Just as one person’s trash is another’s treasure, one person’s nightmare is another’s pantomime. This is what makes cinema so richly rewarding and ultimately fascinating. It is an extraordinary art form that gives as equally as it takes, and the horror genre is no exception.
In fact, the horror genre is arguably the most complex and difficult genre of them all, both artistically and technically. It is the genre that is most frequently derided, yet probably has more fanatics, the world over, than any other. It is the genre most lampooned and mocked, and yet the horrorphiles – the True Believers (to use a great term coined by the late great Chas. Balun) – know that for every nine horror movies that are mediocre or worse there is one that can be championed above dozens of others, one that gives credence and kudos to the genre and proves just how extraordinarily powerful, in cinematic terms, a horror movie can be.

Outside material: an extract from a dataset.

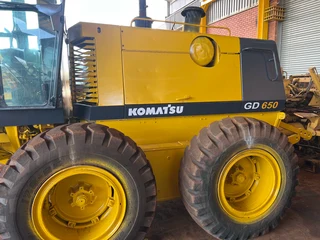Komatsu GD 650, GD 555 and Gd 530 graders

The True Believers understand that as a rule a purist horror movie takes no prisoners (with a clutch of exceptions, but every rule has those), and that most horror movies held in high esteem by the genre aficionados are the horror movies that most accurately capture the elusive atmosphere and vibe of a genuine nightmare; a movie horrifying and terrifying. Not an easy feat to achieve. Trust me.
But just what are the elements that transform an otherwise ordinary, mediocre, or conventional horror movie into a movie that is truly frightening and shocking; a genuine nightmare?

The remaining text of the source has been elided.